Não quero convencer ninguém a fazer retiros, mas compartilhar essa experiência e contribuir para que possa ser considerado algo importante, legítimo e, à sua maneira, produtivo. Considero muito mais produtivo vislumbrar os sentidos, traçar direções, planejamentos e avaliações de vida, do que sair fazendo à torto e à direito. Nessas o planeta está sendo consumido pelo “excesso de produtividade humana”. Tem a ver com patriarcado também. Colonialismo. Melhor fazer como vovó ensinou e pisar devagarinho… Como tantos povos ensinam… Cachimbar… Meditar…. Ritualizar… Descansar… Conectar. Quanto mais a gente conecta com o que está dentro, mais a gente conecta com o que está ao redor – e percebe que essa dicotomia nem existe. É uma mentira que a gente insiste em sustentar. Acredito que os retiros contribuem para que possamos melhor nos relacionar com o cosmos, com os ciclos e com a vida como um todo. Que contribuem para o bem viver coletivo na Terra.

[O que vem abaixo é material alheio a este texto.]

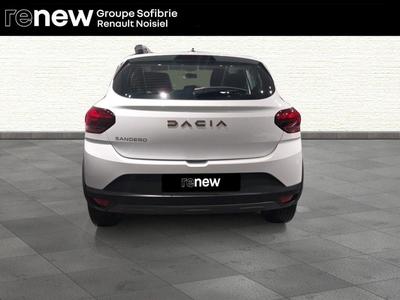 Dacia Sandero Eco-G 100 Stepway Extreme +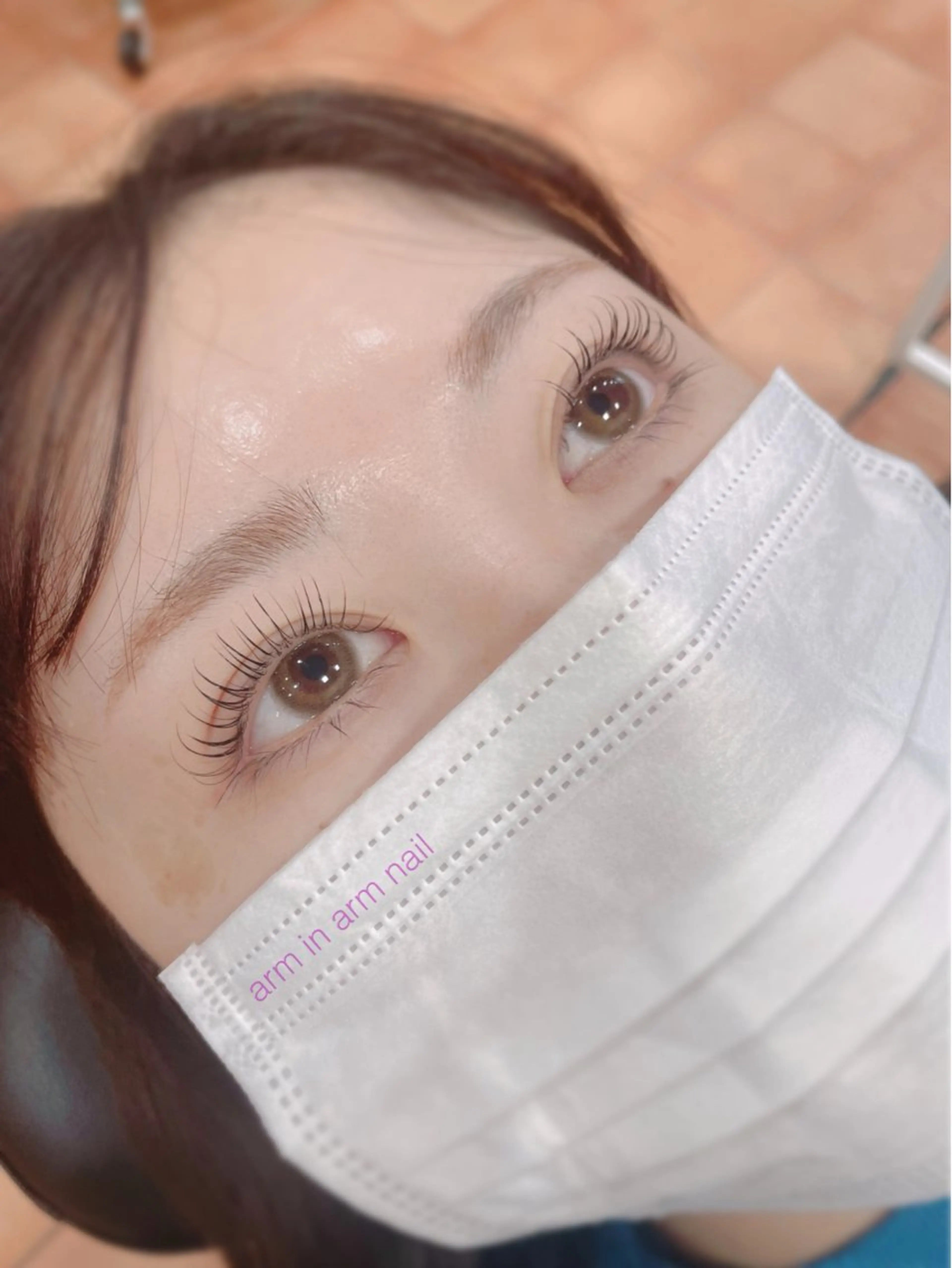 マツエク・マツパ arm in arm ︎✿Yamamotoのマツエク・マツパデザイン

E agradeço a cada vez por poder e escolher me retirar.

 

 

Antes do Solstício de Inverno de 2023, também fiz um retiro, e achei esse poema em meio aos meus escritos de então:

 

É preciso voltar

para o mar.

É preciso

mergulhar.

 

Atrás da cachoeira

é o meu lugar.

 

Ela me chama,

a avó da avó da avó,

a avó do mundo.

Lá debaixo,

ela me chama.

 

Ela me chama

no meu sonho

no ciclo do meu ventre

na minha intuição

no que nutre a minha alma

no que me faz dizer

sim.

 

Ela me chama

no que sinto que me falta

na cicatriz exposta

na dor nas costas

no que me faz dizer

não.

 

Eu escuto o seu chamado.

E mergulho.

 

Fujo de todas as demandas

obrigações

interações

distrações.

“Já volto”.

 

Olho para onde a linha do horizonte

encontra a Grande Água.

“Já estou indo”.

 

Olho pro fundo de meu mar.

 

Sem celular

sem precisar fazer faxina

ou almoçar.

 

Me vejo refletida na água.

E mergulho em mim.

 

E descanso.

E choro.

E dou risada.

E me entendo.

Me desentendo.

Me acolho.

Nutro essa ursa que habito.

Que me habita.

Ursa marinha.

 

O melhor que tenho a fazer

é cuidar de mim.

Cuidar do meu corpo.

Me conectar com meu eu todo.

Me permitir viver um ritmo de vida

mais tranquilo,

em consonância com a dança cósmica

do universo.

 

E mergulhando dentro

eu encontro o Todo.

 

Agradeço, vó do mundo.

Agradeço todas as guias e guardiões.

Agradeço por existir

nessa louca aventura terrestre

de transformação.

 

Eu sou

uma mulher

livre e

selvagem.

 

E eu me amo

pra dedéu.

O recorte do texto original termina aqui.